Expression level of Surivin and c-Myc mRNA decreased significantly after 48 h treatment with each of the selected scFv antibodies. These results indicated that the antiproliferative and apoptotic effects were transduced through Wnt pathway and are consistent with a previous studies showing that treatment of tumor tissues with anti-Wnt-1 antibody reduced Survivin, cyclin D1 and c-Myc expressions, supporting that over-activation of Wnt signaling occurs through interaction of receptor-ligand [34]. Dvl expression was also downregulated following treatment with selected anti-FZD7 scFvs. Inhibition of Wnt signaling using a monoclonal antibody against Wnt-1 also leads to decrease of Dvl mRNA [40]. Although Dvl gene is not directly controlled by Wnt pathway, it is possible that transcription factors regulating Dvl expression are under the control of Wnt pathway [40].

The antiproliferative and apoptotic effects of scFv-I was significantly higher than scFv-II. However, no significant difference between gene expression reductions induced by these two antibodies was detected. As shown in Fig. 1B, scFv-I was selected against a peptide designed from an extracellular domain near PAM group, an important domain participating in the interaction of Wnt ligands and FZD receptors. This is confirmed by conservation analysis showing that almost all parts of this sequence is conserved [28]. It is reported that Wnt signaling pathway is deactivated by eliminating PAM moiety [41]. Therefore, scFv-I which is selected against a sequence near this group might interfere with interaction of FZD-Wnt more efficiently than scFv-II.

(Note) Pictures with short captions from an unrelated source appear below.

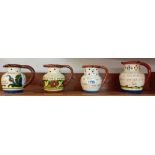 4 Torquay pottery puzzle jugs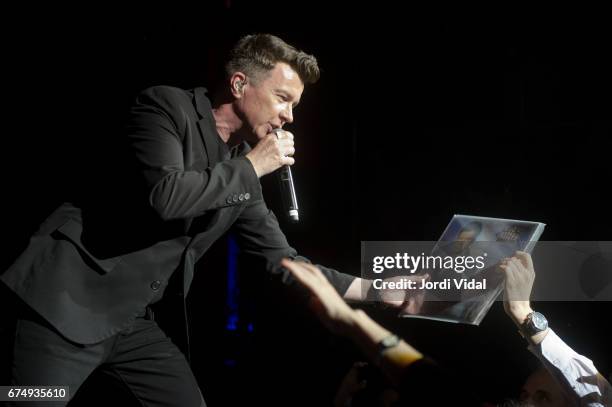 Rick Astley performs on stage at Sala Barts on April 29, 2017 in Barcelona, Spain.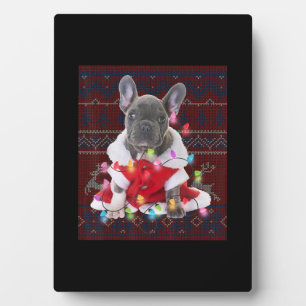 French Bulldog Christmas Lights Ugly Sweater Dog Plaque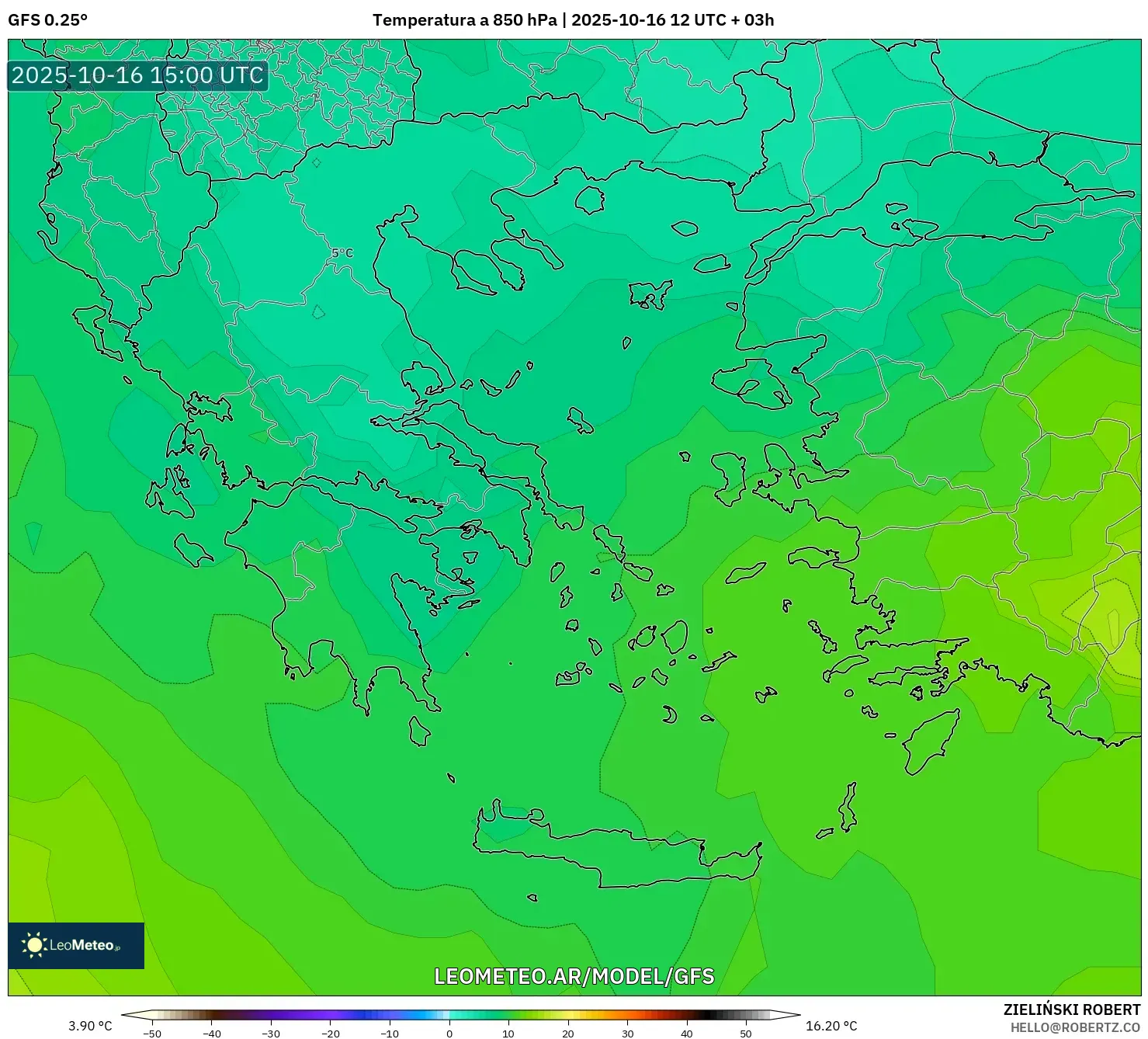 GFS model - Grecia, Temperatura a 850 hPa GFS model - Grecia, Temperatura a 850 hPa
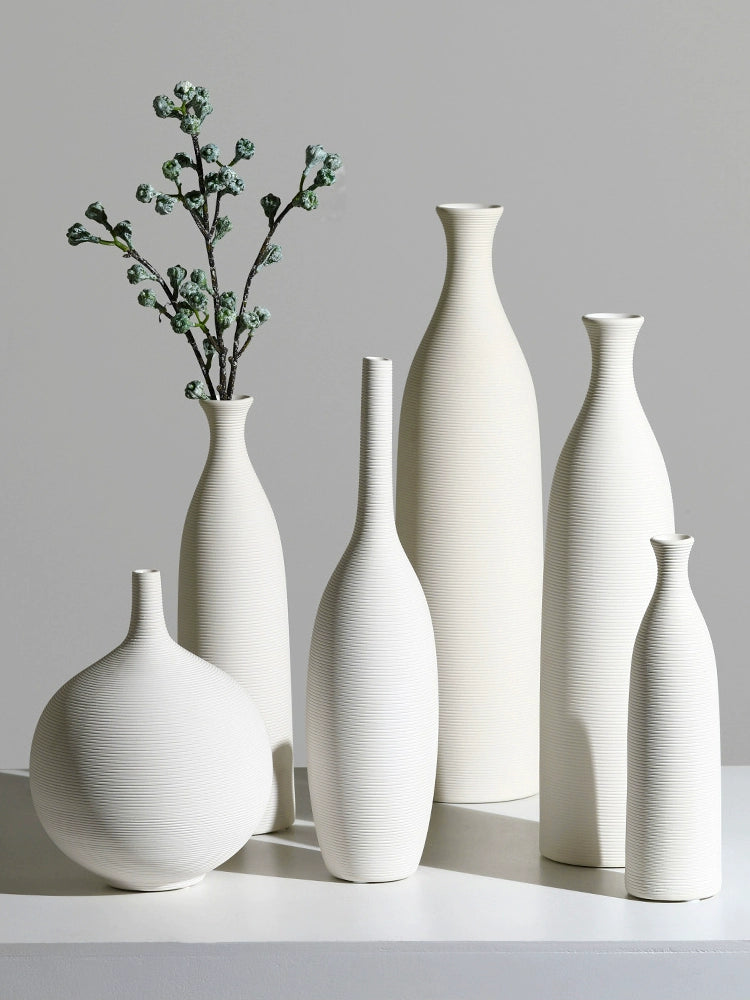 Modern minimalist style, white plain burnt brushed ceramic vase set, model room, living room, dining table, home furnishings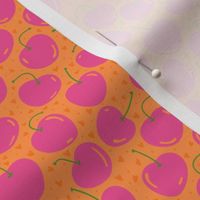cherries and tiny hearts - pink and orange - small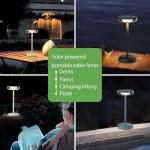 Solar-Powered Cordless LED Table Lamp – Black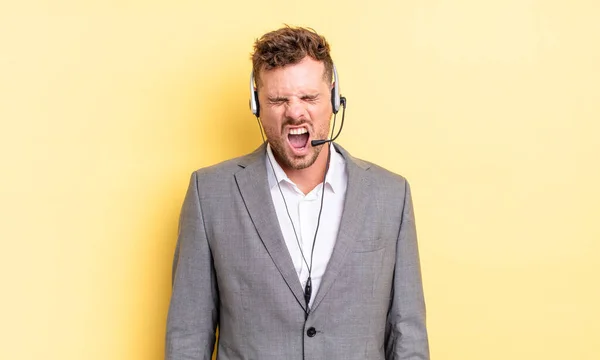 Young Handsome Man Shouting Aggressively Looking Very Angry Telemarketer Concetp — Stock Photo, Image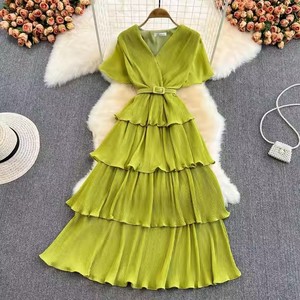 Abito Lungo da <span class=keywords><strong>Spiaggia</strong></span> in Chiffon con Maniche Corte, Allacciatura, Vestibilità Slim, Alta Qualità, Stile Francese, Moda Femminile, Abito Maxi Plissettato per Vacanze - Product Image 4
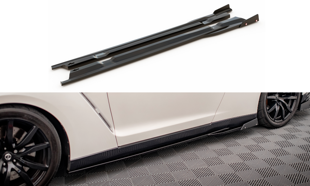Maxton Side Skirts Diffusers + Flaps Nissan Gtr R35 Facelift - Gloss Black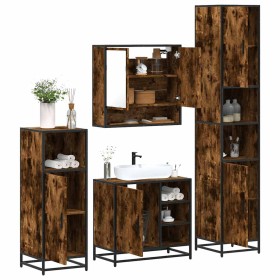 Set de muebles baño 4 pzas madera contrachapada roble ahumado de , Muebles de baño - Ref: Foro24-3301237, Precio: 362,98 €, D...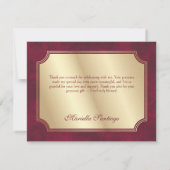 Red Tiara Crown Elegante Quinceanera Dankeskarte (Rückseite)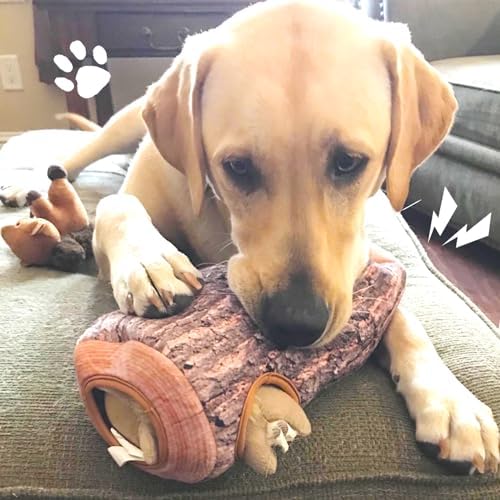 IFOYO Squirrel Hide and Seek Dog Toy, Squeaky Interactive Dog Toys for Boredom, Plush Dogs Toys to Keep Them Busy, Relive Anxiety, Attract Attention, Puzzle Toy for Smal and Medium Dogs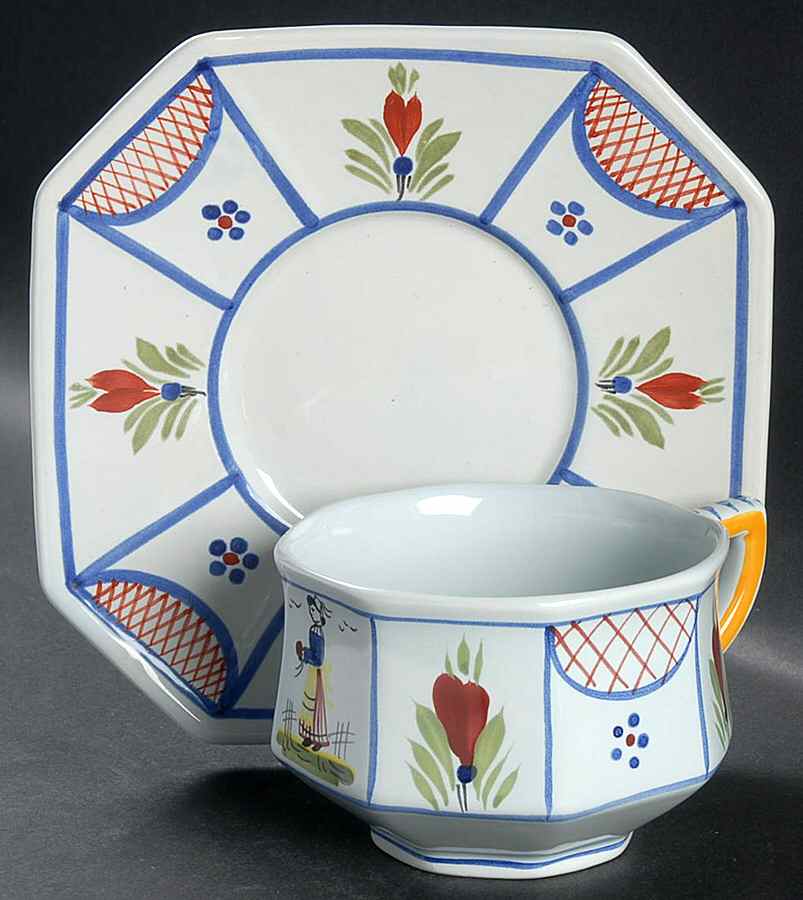 Mistral Blue (Octagonal, Lady Center) Breakfast Cup & Saucer Set by Quimper-1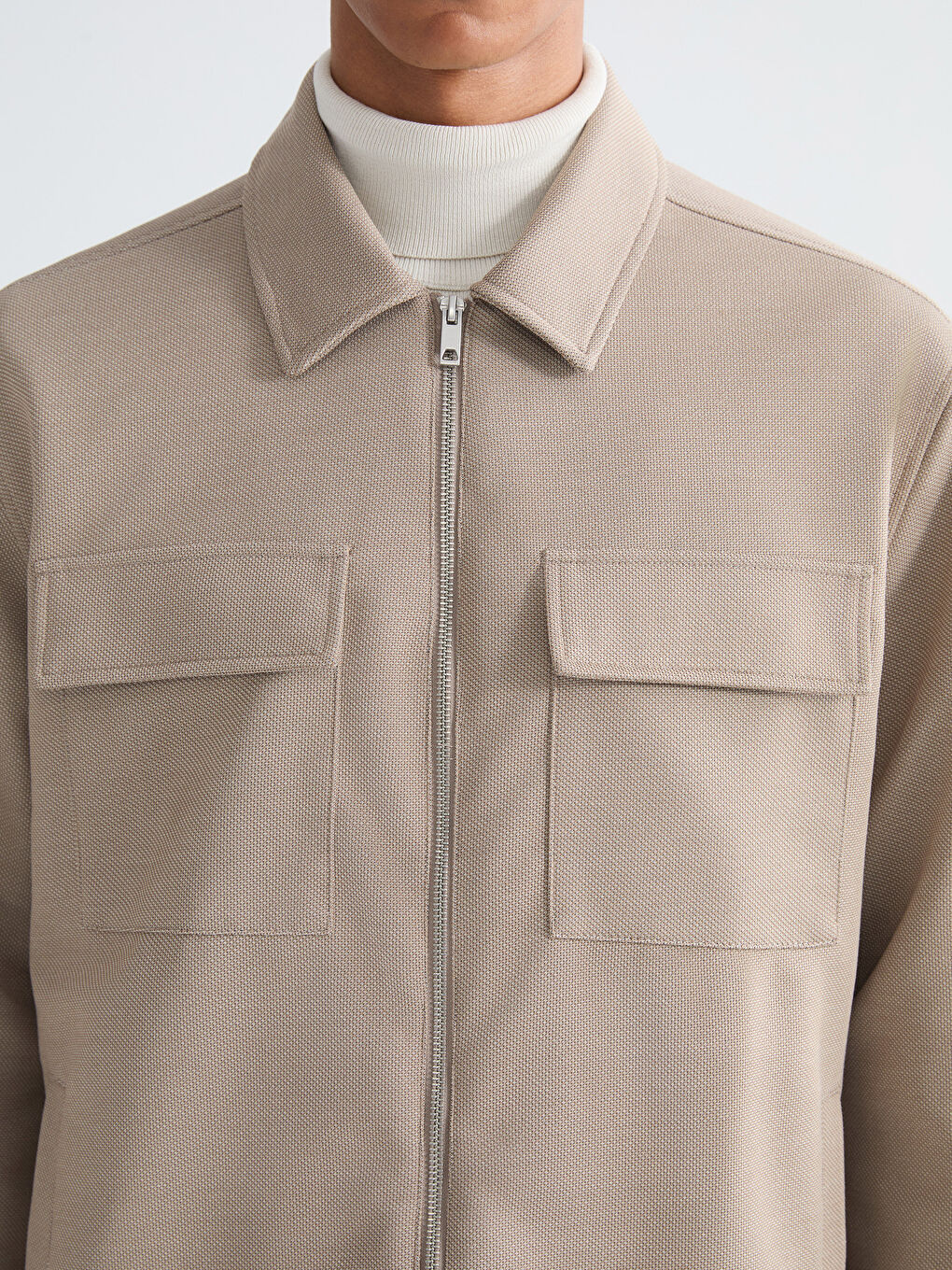 Bej Standart Kalıp Erkek Ceket-2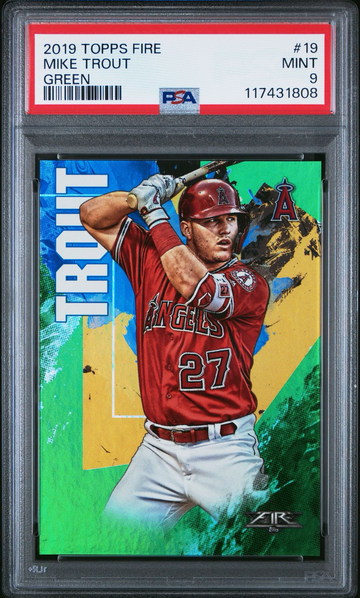 2019 Tops Fire Mike Trout Green /199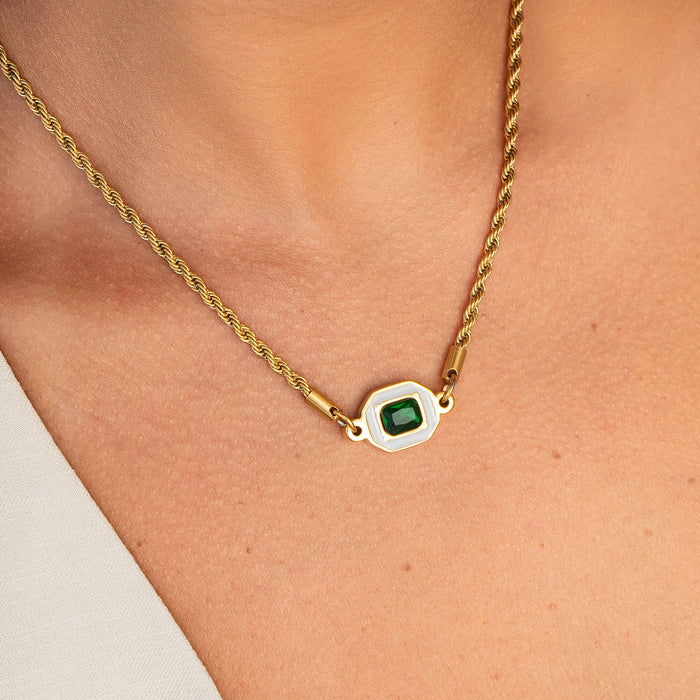 Women's Stainless Steel 18K Gold-Plated Necklace – Aura Emerald, Statement – Meiva necklace view 2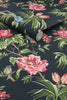 Navy floral wallpaper with vibrant pinks and greens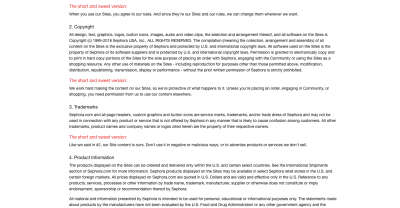 Sephora Terms of Use page includes “The short and sweet version” in red to summarize its complex legalese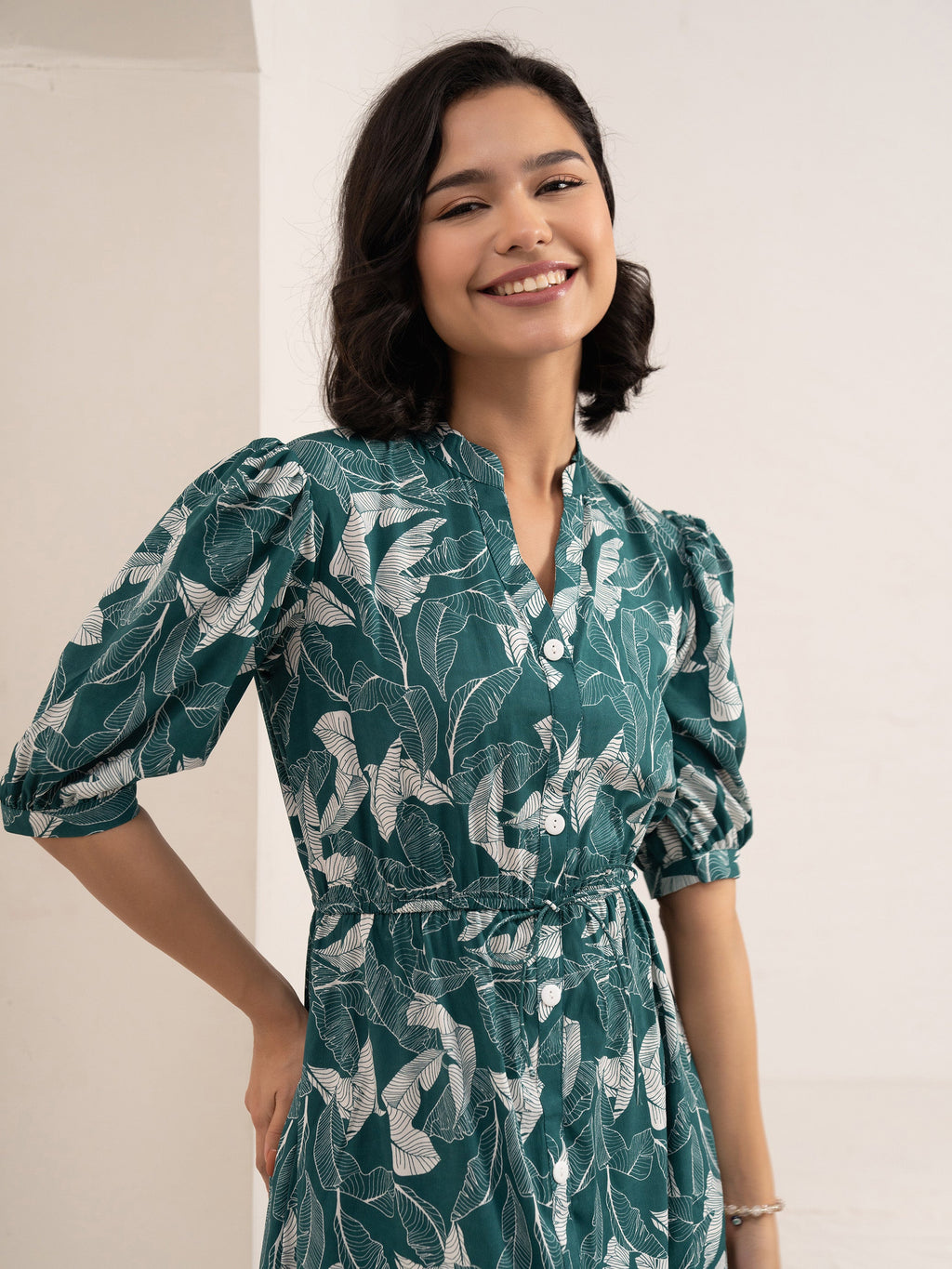 Aask Women NAVY BLUE Floral Print Bell Sleeve Crepe Fit & Flare Dress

Modern immunotherapy of cancer relies on direct suppressing of over-activated signaling pathways, most specifically those that are tightly related to uncontrolled proliferation of cells. Bioinformatic techniques has greatly advanced the process of targeting specific sites of signaling molecules through providing a comprehensive insight into the structure of targets [42]. In this study, specific anti-FZD7 scFvs were selected by applying immunodominant epitopes of FZD7 designed by molecular modeling. The results suggest that inhibition of Wnt signaling is an effective strategy to inhibit proliferation and induce apoptosis of cancer cells. Among different approaches that can be used for this purpose, single chain antibodies have many advantages. No HAMA (human antimouse antibody) reaction, deeply penetration in tumor cells and ability for genetic manipulation provides additional effector functions that make these recombinant antibodies attractive for clinical use. The inhibitory effects of the selected antibodies confirm that bioinformatic approach was able to effectively screen potential epitopes of FZD7 protein and suggest that epitope designing by bioinformatic methods could contribute to the selection of key antigens for cancer immunotherapy. The anti-FZD7 scFv-I with high antiproliferative and apoptotic effects offer a new promising treatment strategy for cancers overexpressing FZD7 receptor including triple negative breast cancer.